───── DATA TO EXAMINE

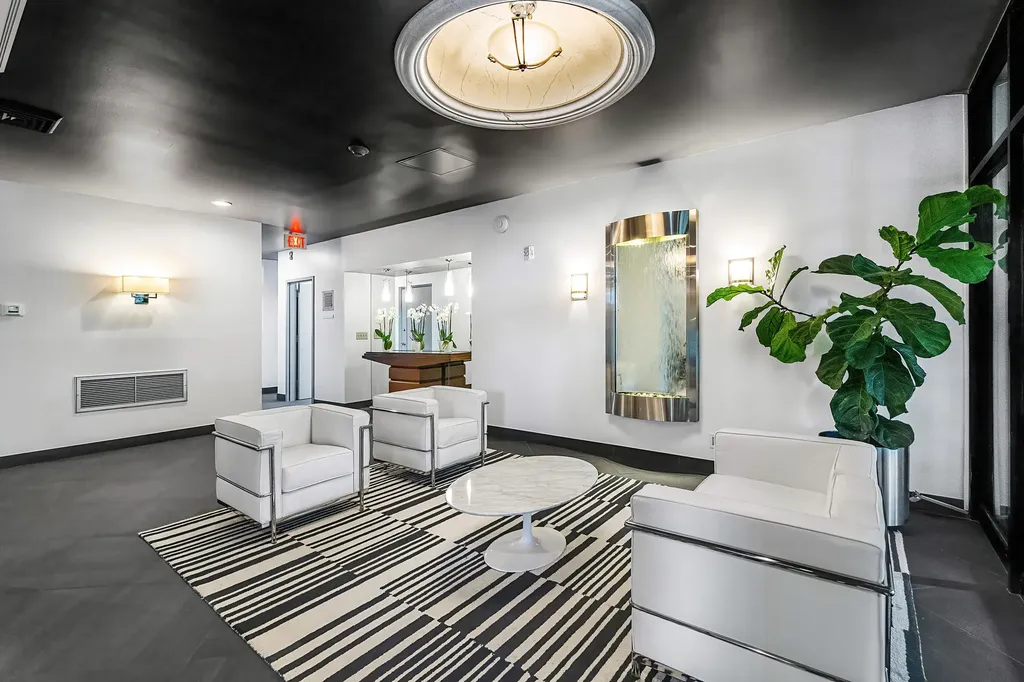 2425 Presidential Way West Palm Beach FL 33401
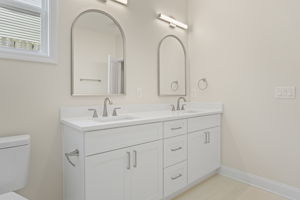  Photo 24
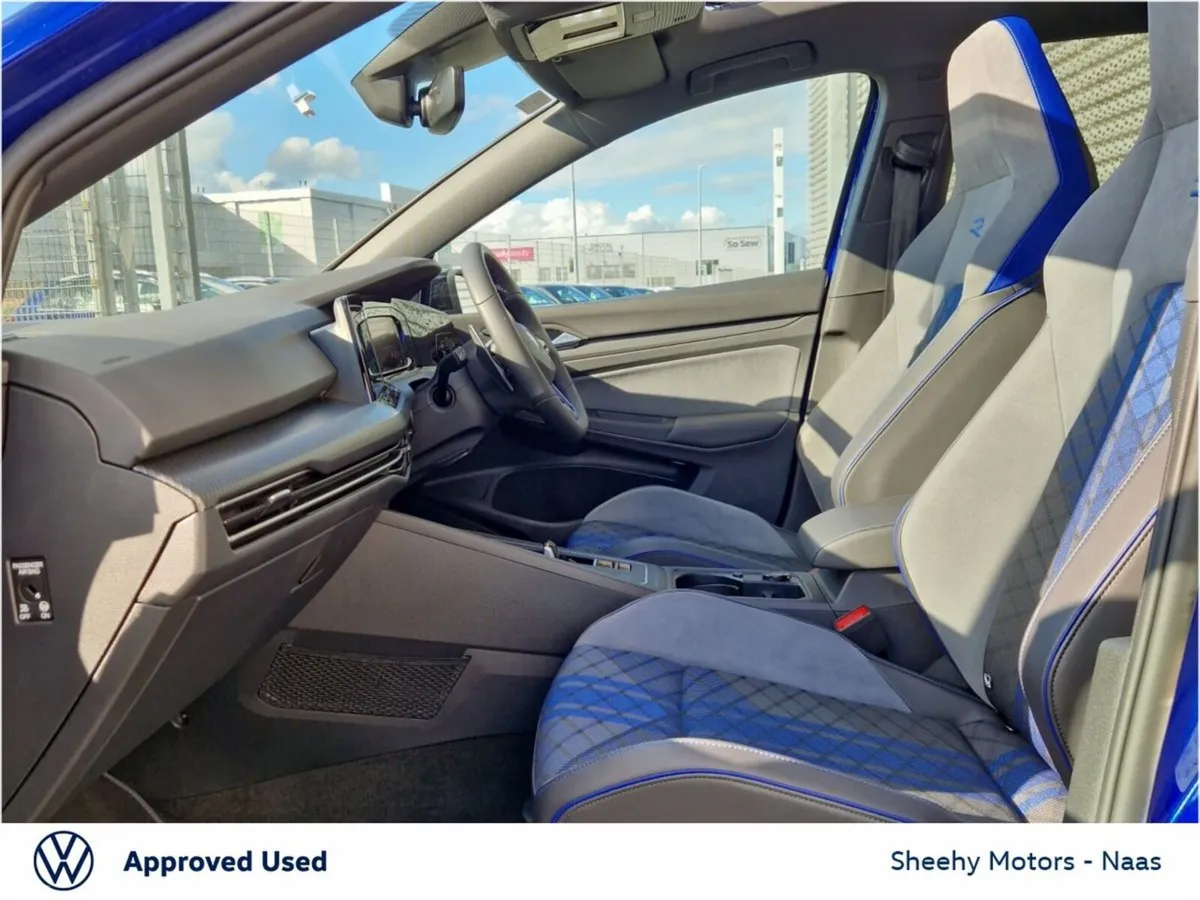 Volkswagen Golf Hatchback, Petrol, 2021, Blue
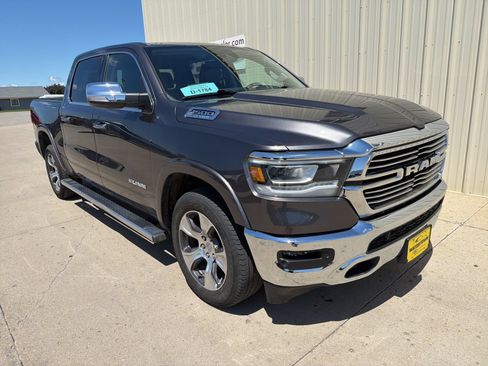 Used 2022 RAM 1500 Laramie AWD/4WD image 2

──────────
───── DATA TO EXAMINE

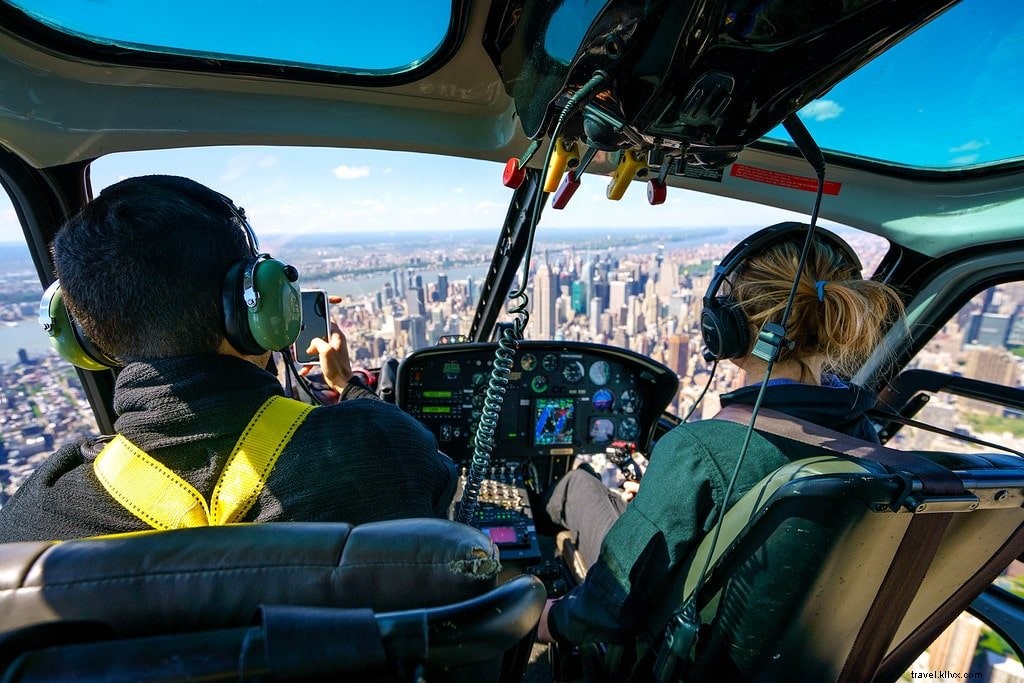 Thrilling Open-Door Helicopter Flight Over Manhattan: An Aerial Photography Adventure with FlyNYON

──────────

_TASK DIRECTIONS_. In the listing above, find the line containing "2425 Presidential Way" and the line containing "Used 2022 RAM 1500 Laramie AWD/4WD image 2", then return both of them and every line between, exactly, without pictures.

_EXERCISE OUTPUT_.
 2425 Presidential Way West Palm Beach FL 33401
  Photo 24
 Volkswagen Golf Hatchback, Petrol, 2021, Blue
 Used 2022 RAM 1500 Laramie AWD/4WD image 2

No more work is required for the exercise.